The Cards returned to the Final Four in the next two seasons. In 1982 they fell to Georgetown and its superstar center Patrick Ewing. The 1983 Final Four at The Pit in Albuquerque, New Mexico is remembered as a classic showdown between Louisville’s second-generation "Doctors of Dunk" (Lancaster Gordon, Charles Jones, Milt Wagner, and the McCray brothers) and Houston’s "Phi Slamma Jamma" (Hakeem Olajuwon, Clyde Drexler, and Benny Anders). In what was one of the most watched NCAA tournament games ever, the Cougars pulled away in the second half to defeat the Cards 94-81.
A hungry U of L team returned to the Final Four again in 1986, when they rebounded from an 11-6 start and advanced to the final round.

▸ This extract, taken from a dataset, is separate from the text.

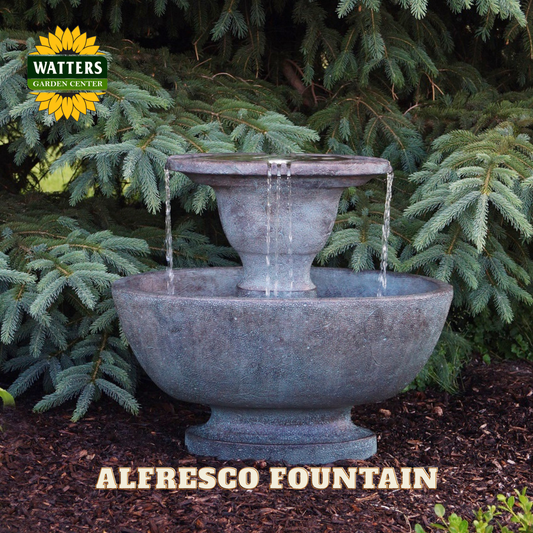 Two-tiered stone fountain with Watters Garden Center branding in a garden setting.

At Reunion Arena in Dallas, Louisville first dispatched LSU to advance to the final game against heavily-favored Duke. Coach Mike Krzyzewski’s first Final Four team was led by All-American Johnny Dawkins. The Cards countered with a three-pronged senior attack of guards Jeff Hall and Milt Wagner and forward Billy Thompson. The player who made the most impact, however, was freshman center Pervis Ellison.
In what was one of the most thrill-filled games in U of L history, the Cards rallied late behind Ellison. Then, Wagner’s two free throws with seven seconds left "iced" the 72-69 Cardinal victory, giving the program its second NCAA title and its fourth national championship overall.

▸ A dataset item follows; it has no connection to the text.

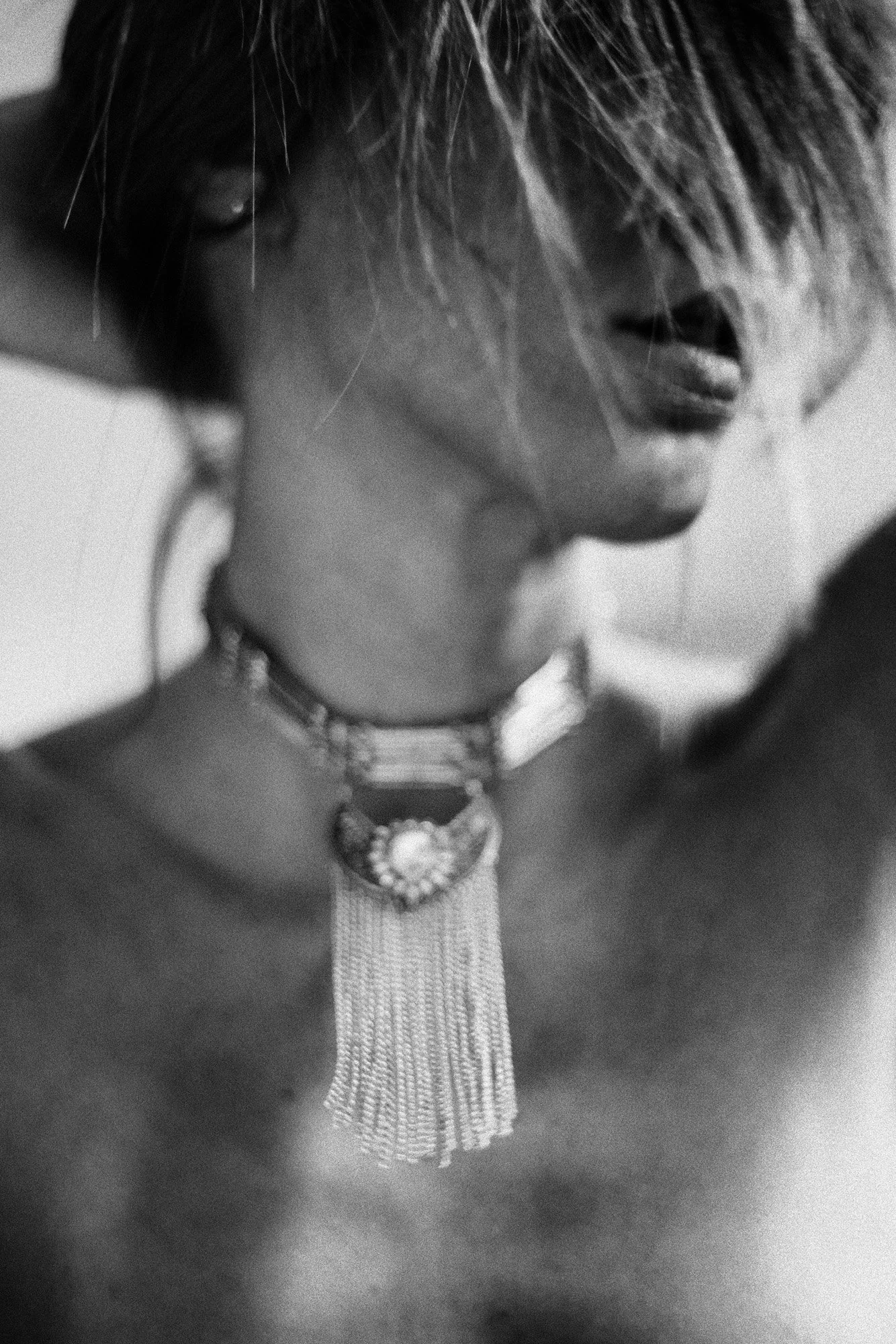 Abstract black-and-white close-up of collarbone and statement necklace with soft motion blur.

Buoyed by their historic title runs, the Louisville Cardinals have weaved their way into virtually every important chapter of the record books.
U of L is 21st in all time victories among Division I schools, and the Cards streak of 46 consecutive winning seasons (1944-1990) ranks third all time. The era has also seen two Cardinals inducted into the Naismith Memorial Basketball Hall of Fame. Former Cardinal and NBA great and current Washington Wizards executive Wes Unseld was inducted in 1988, and in 1994 Coach Denny Crum joined Dean Smith and Bobby Knight as the only active coaches inducted into the Hall of Fame.

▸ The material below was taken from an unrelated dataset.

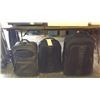 3 "Tumi" suitcases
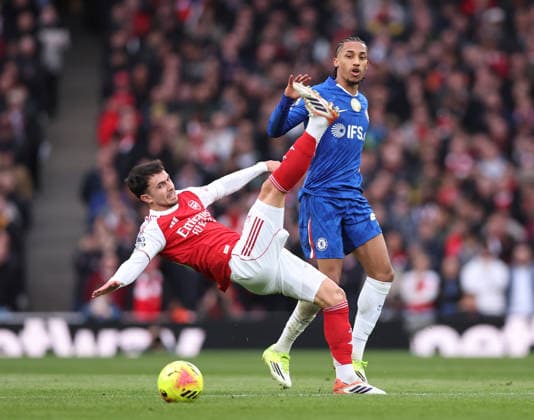 London, England, 1st March 2026. Martin Zubimendi of Arsenal tussles with Joao Pedro of Chelsea during the Arsenal vs Chelsea Premier League match at the Emirates Stadium, London. Picture credit should read: David Klein Sportimage EDITORIAL USE ONLY. No use with unauthorised audio, video, data, fixture lists, club league logos or live services. Online in-match use limited to 120 images, no video emulation. No use in betting, games or single club league player publications. SPI_018_DK_Arsenal_Chelsea SPI-4568-0018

Crum is currently tied for second with Knight with 21 NCAA tournament appearances and fourth behind only Smith, John Wooden, and Krzyzewski in tournament wins with a record of 42-21. The Cards have advanced to the Sweet Sixteen of the NCAA Tournament 19 times, including four of the last five years.
Louisville has played in a post-season tournament in 30 of the past 32 years. Thanks to that success, U of L has ranked in the top 10 in home attendance for the past 20 years. Louisville is now fourth all time in NCAA tournament appearances with 27 (behind only Kentucky, UCLA, and North Carolina), and seventh all time in tournament victories with 48.
Through the Hickman and Dromo eras and now in the 27-year run of Denny Crum, U of L has produced 16 All-Americans and 22 NCAA all-region team selections (including three MVPs). The Cards have also had seven all-Final Four team selections (two MVPs) and one National Player of the Year (Griffith).
Louisville also claims three of the eight all-time "triple champions," players who have won championships at the high school, college, and professional levels. That group includes Scooter McCray, Milt Wagner, and Billy Thompson.
Great players, great teams, and great memories have kept on coming during the championship years and through the years of near-misses.
Why the championships? Why all the winning? Peck Hickman thinks there’s a relatively simple answer.
"It was a case of continued hard work and not getting discouraged. When Dromo and Crum took over there was a continuity of good coaching. Add good players to that and it will make a good program."
Or maybe a great one.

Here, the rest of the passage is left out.